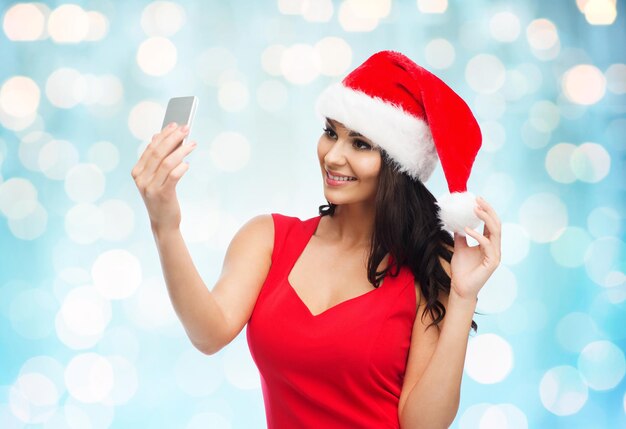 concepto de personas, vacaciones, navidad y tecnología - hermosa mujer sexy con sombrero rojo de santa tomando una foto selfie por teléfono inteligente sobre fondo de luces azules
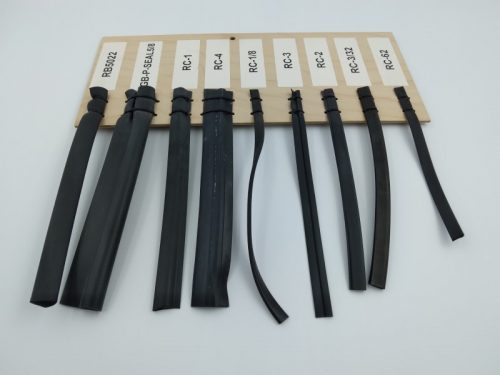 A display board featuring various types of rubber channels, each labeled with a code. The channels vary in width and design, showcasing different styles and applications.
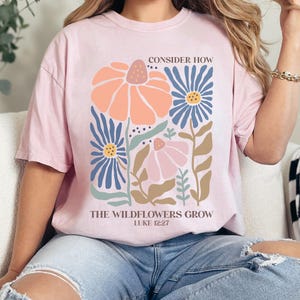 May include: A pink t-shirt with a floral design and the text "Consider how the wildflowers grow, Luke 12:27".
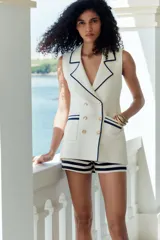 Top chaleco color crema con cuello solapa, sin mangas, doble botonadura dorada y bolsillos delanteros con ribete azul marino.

________________________________________

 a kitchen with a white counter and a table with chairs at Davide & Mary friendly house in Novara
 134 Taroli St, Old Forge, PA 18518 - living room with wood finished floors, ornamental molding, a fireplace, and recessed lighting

________________________________________

- **What you are asked to do**
For this exercise, transcribe exactly the part of the records above that opens with the line containing "concepto de personas, vacaciones, navidad" and closes with the one containing "Top chaleco color". Pictures are not part of the copy.

- **Written answer**
 concepto de personas, vacaciones, navidad y tecnología - hermosa mujer sexy con sombrero rojo de santa tomando una foto selfie por teléfono inteligente sobre fondo de luces azules
 A display board featuring various types of rubber channels, each labeled with a code. The channels vary in width and design, showcasing different styles and applications.
 May include: A pink t-shirt with a floral design and the text "Consider how the wildflowers grow, Luke 12:27".
 Top chaleco color crema con cuello solapa, sin mangas, doble botonadura dorada y bolsillos delanteros con ribete azul marino.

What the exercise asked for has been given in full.